Le terroriste de l'Etat islamique Abu Abd al-Rahman al-Maqdisi, qui a été tué dans la péninsule du Sinaï. En haut à droite on peut lire : "Le convoi des Chahids" (Haqq, 9 décembre 2017)
Le terroriste de l’Etat islamique Abu Abd al-Rahman al-Maqdisi, qui a été tué dans la péninsule du Sinaï. En haut à droite on peut lire : « Le convoi des Chahids » (Haqq, 9 décembre 2017)

Activités de l’Etat islamique dans d’autres pays
Attaque inspirée par l’Etat islamique au cœur de New York[1]

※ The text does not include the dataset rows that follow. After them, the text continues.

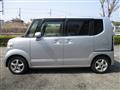 2013 Honda N BOX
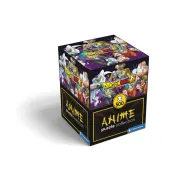 Puzzle de 500 Piezas Dragon Ball de Clementoni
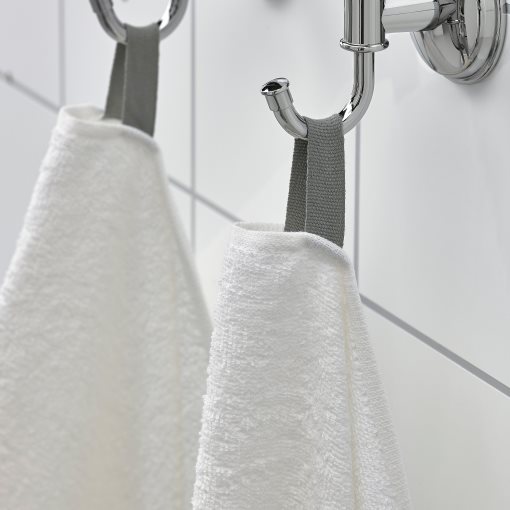 DIMFORSEN, hand towel, 40x70 cm, 505.128.85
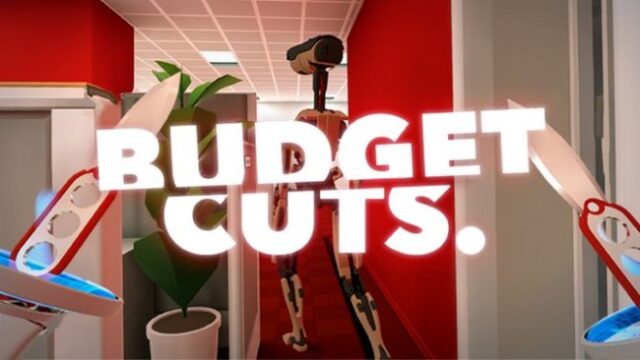 Budget Cuts Free Download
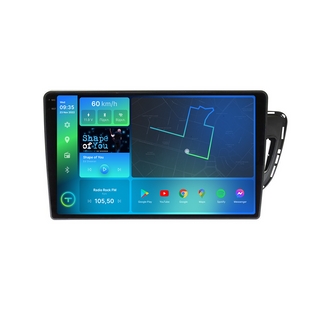 Штатна магнітола Torssen 2K DTS для Audi Q5 (2010-2018) F10432 4G Carplay DSP 202308067 фото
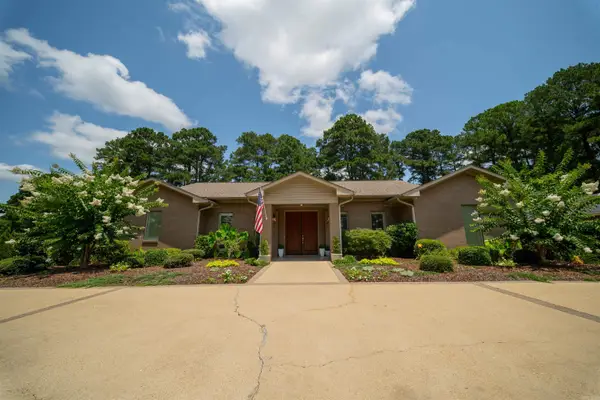 Address Withheld By Seller, Magnolia, AR 71753
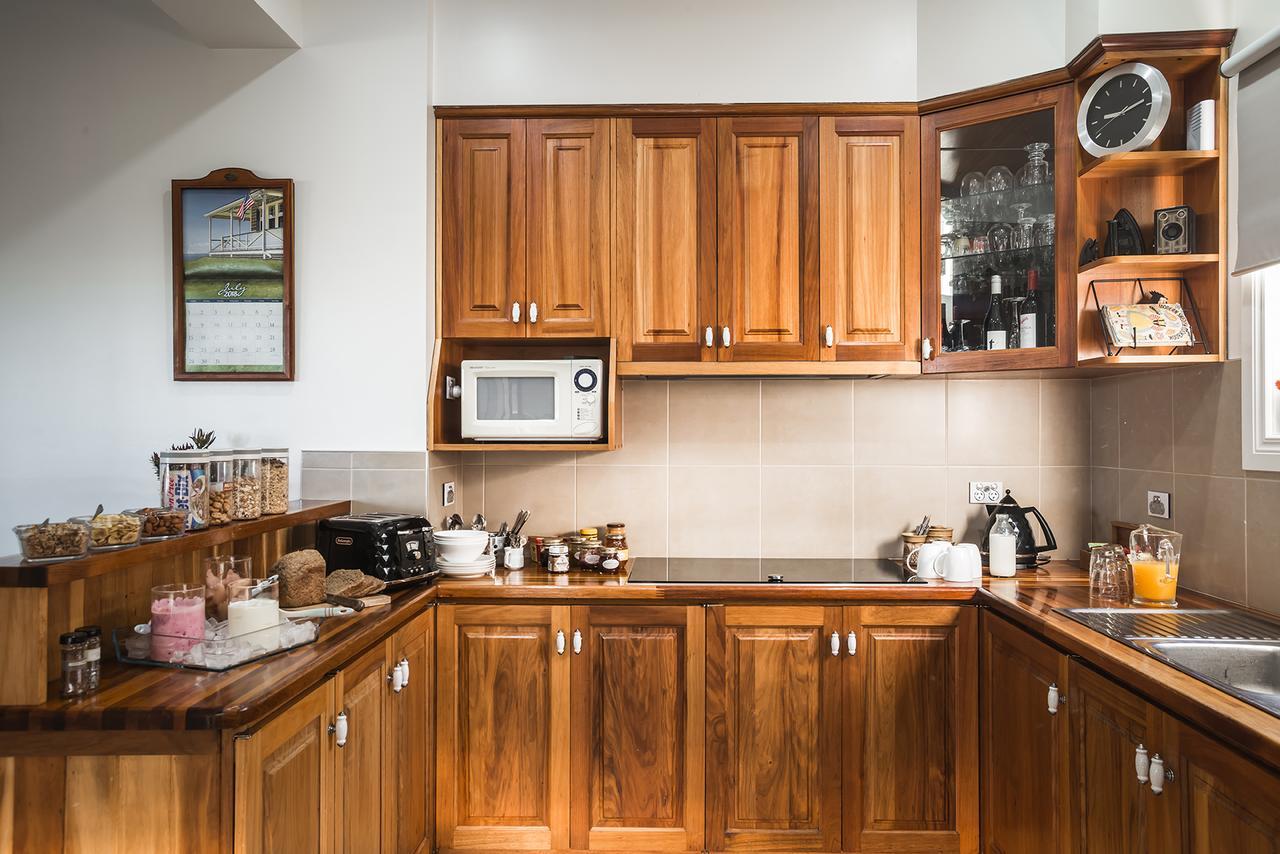 Noah'S Stanley Luxury Bed And Breakfast 외부 사진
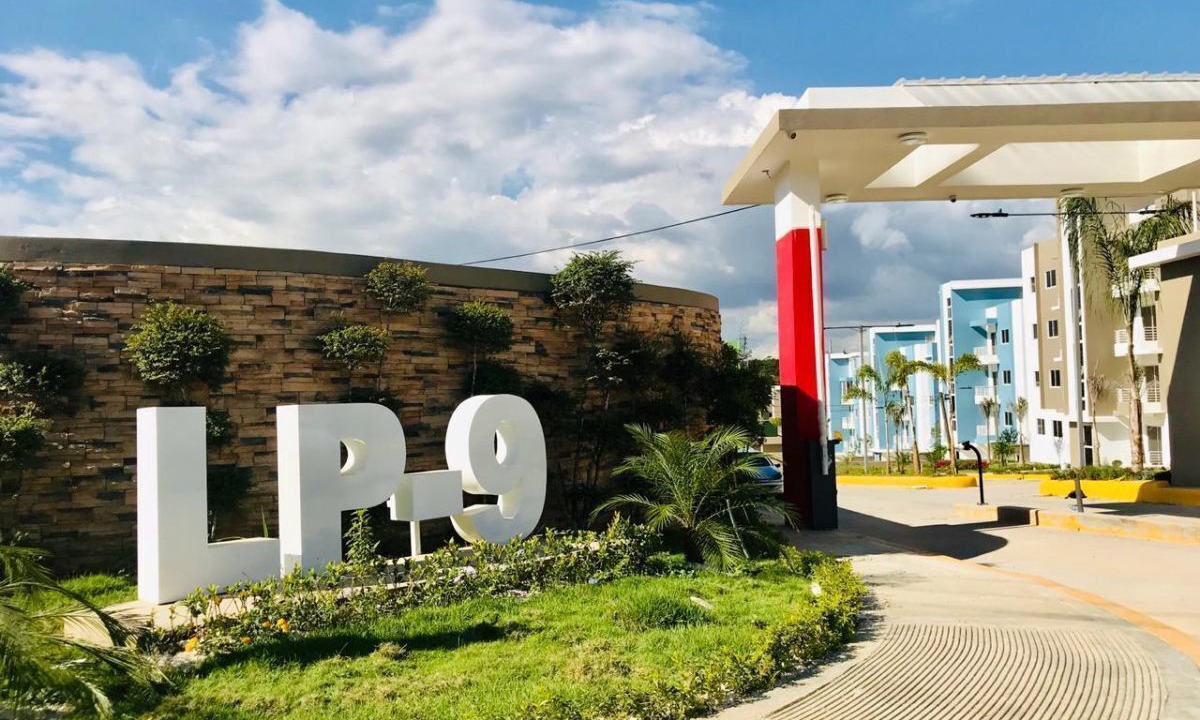 Photo of Outdoor in Santo Domingo Oeste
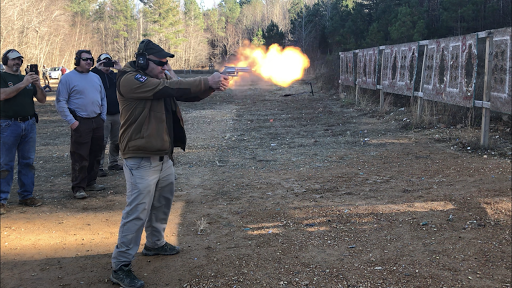 Firearms Academy «Tactical Response», reviews and photos, 116 Wood Ave, Camden, TN 38320, USA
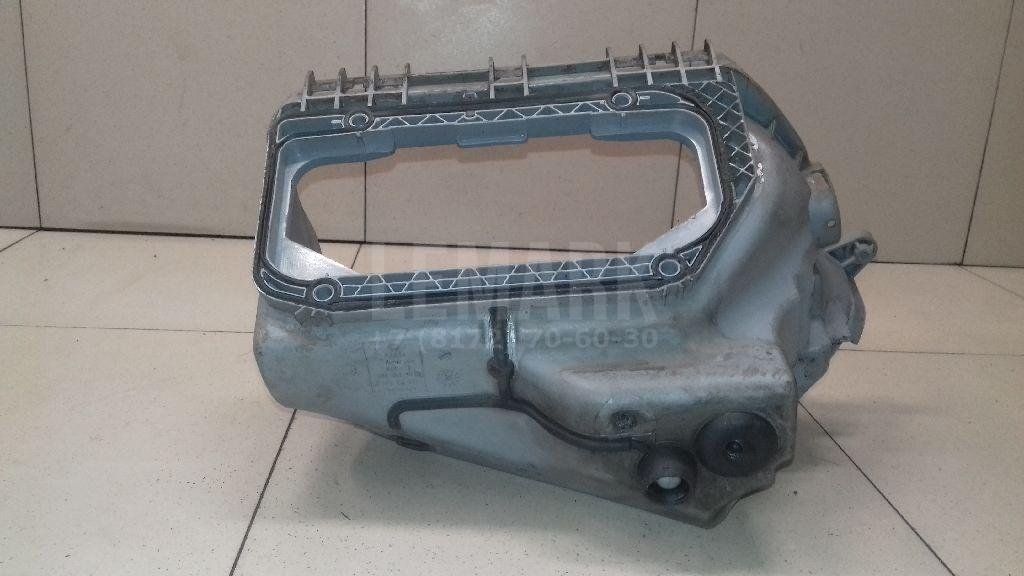 Корпус блока предохранителей для  Audi A4 [B6] 2000-2004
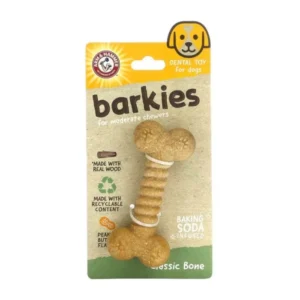 BARKIES CLASSIC BONE - ARM & HAMMER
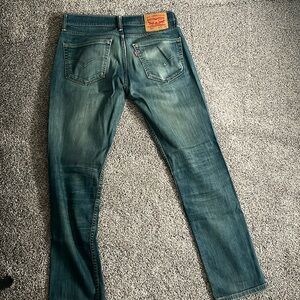 Men’s Levi 511 Jeans 31 x 32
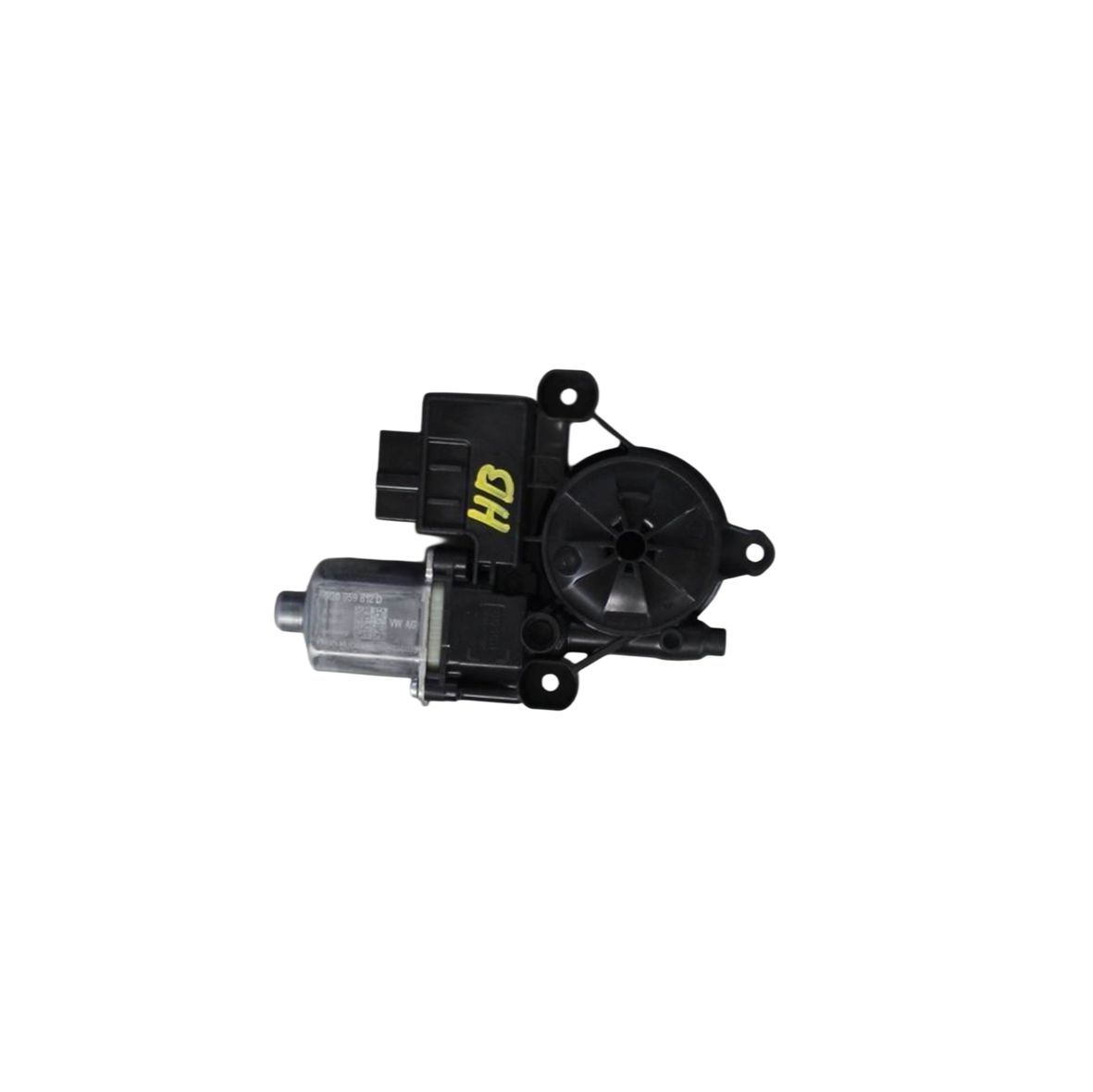 Volkswagen Polo-W Window lift motor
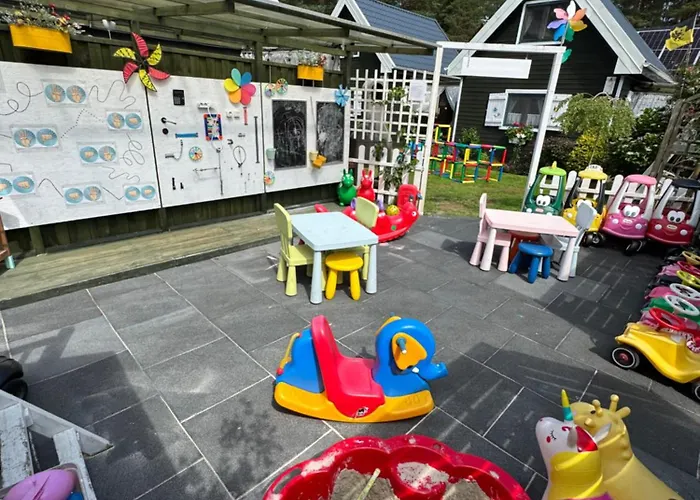 Letniskowe Grenland Dębki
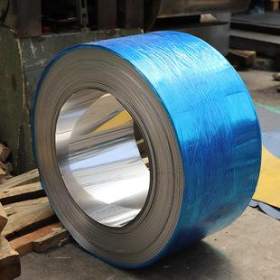 广州供应不锈钢带 工厂直批定制不锈钢带 201、203、304种类多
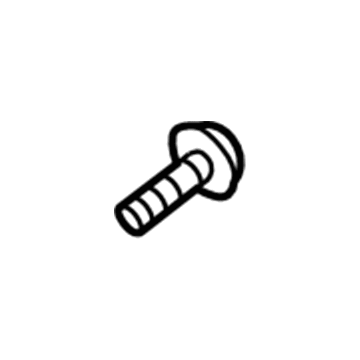 Ford -W715340-S450B Bolt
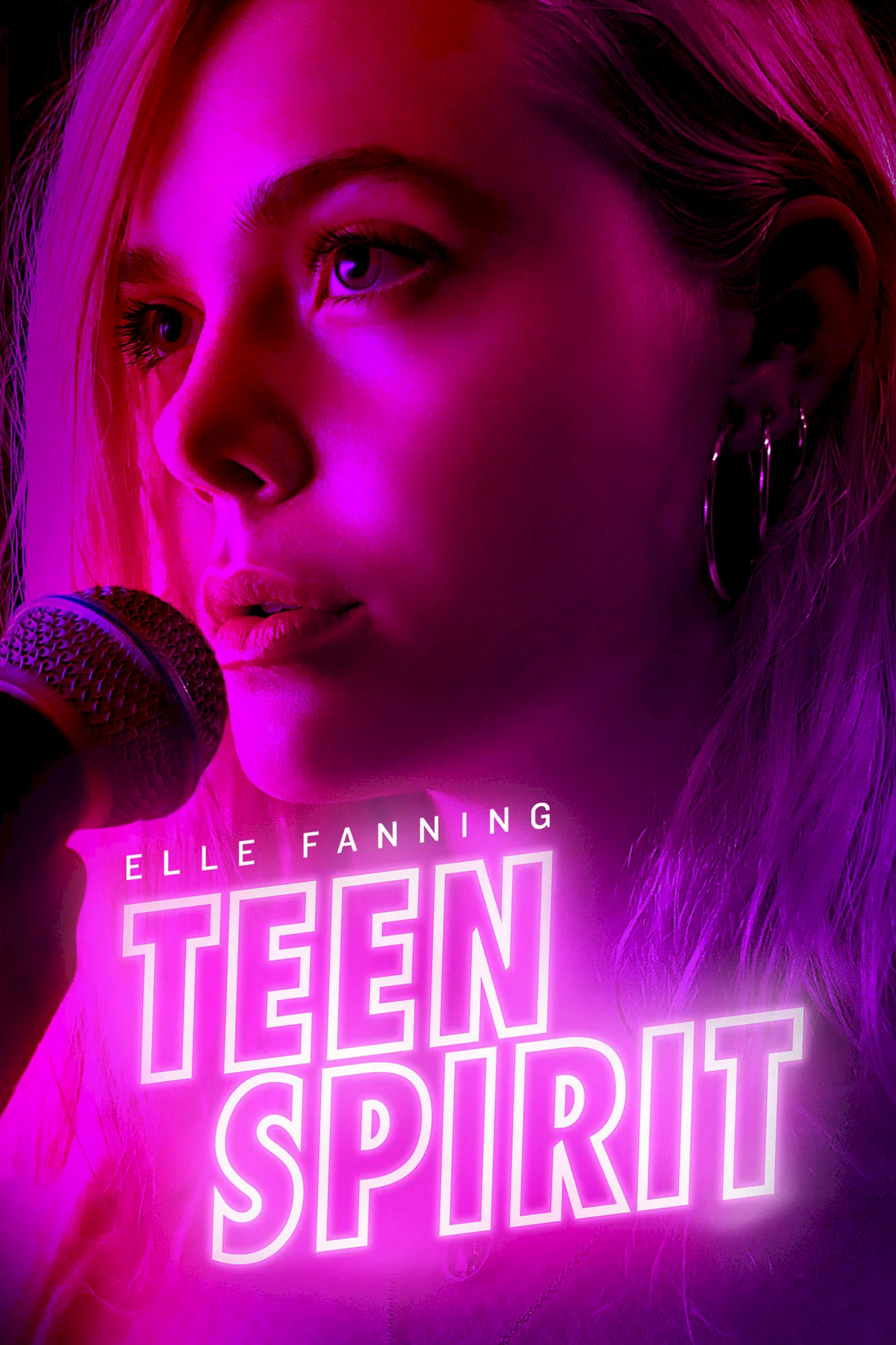 Photo 2 du film : Teen Spirit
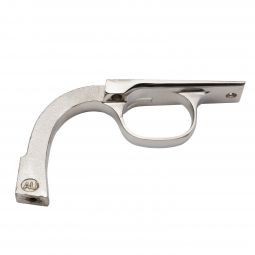 Uberti 1873 Cattleman Trigger Guard, Nickeled Steel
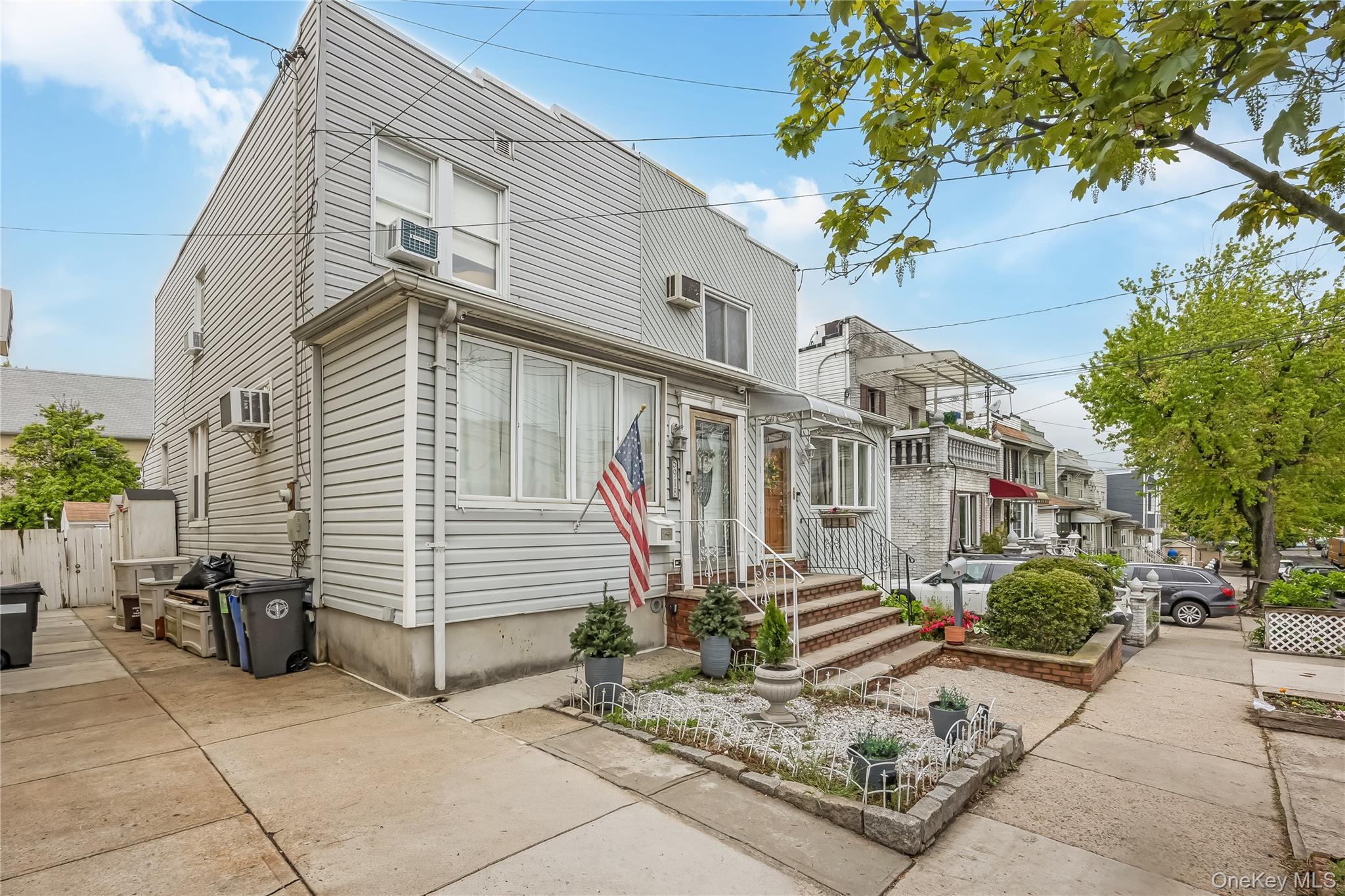 Single Family 60th Queens, NY 11378, MLS-993476-2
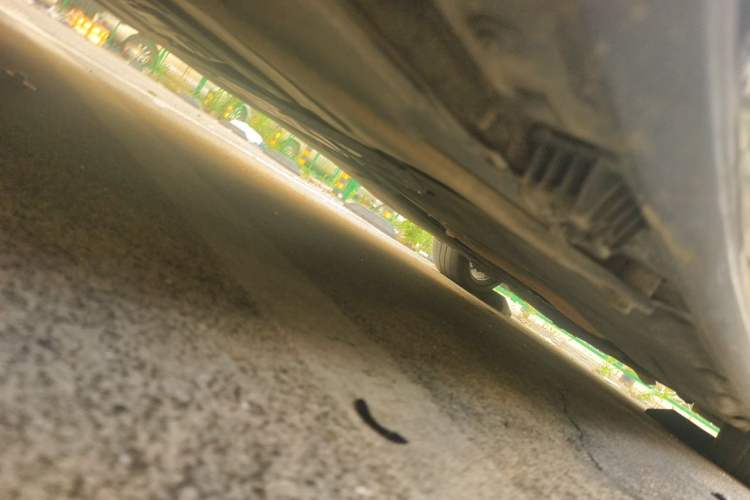 Used BMW 5 Series GT 2010 535i Leading Model Chassis Rear Right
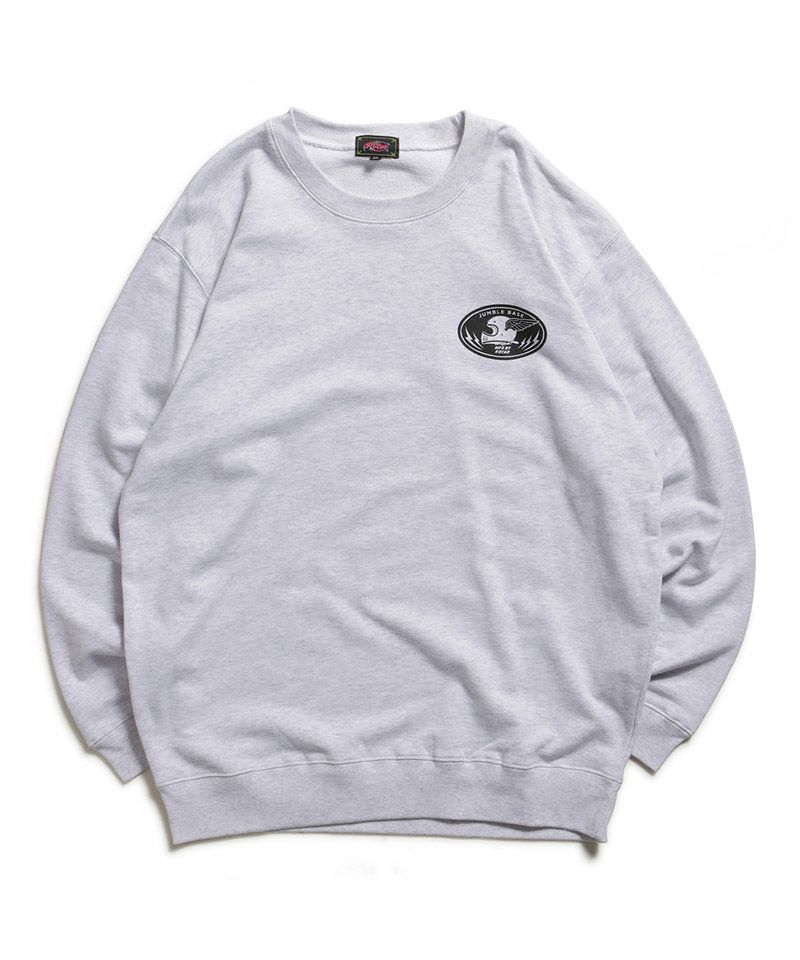 3．ASH GREY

  • Le 11 décembre 2017 (vers 7h10) une attaque a été effectuée dans un passage souterrain entre des stations de métro dans le centre de Manhattan. Un engin piégé artisanal préparé à partir de matériaux ménagers a explosé sur le corps du terroriste (probablement suite à un « accident de travail »). Le terroriste a été grièvement blessé et trois passants ont été légèrement blessés. Le terroriste a été arrêté. L’Etat islamique n’a jusqu’à présent pas revendiqué l’attaque. Il s’agissait d’une attaque inspirée par l’organisation mais il n’y a pas de signes indiquant un lien direct avec l’Etat islamique. Remarque : Un bulletin distinct a été publié en anglais sur le résumé et l’analyse de l’attaque à New York.

[1] L'évaluation de la situation initiale est exacte à la date du 13 décembre 2017. Elle est basée principalement sur le site Internet de la police de New York et sur les médias américains et des agences de presse.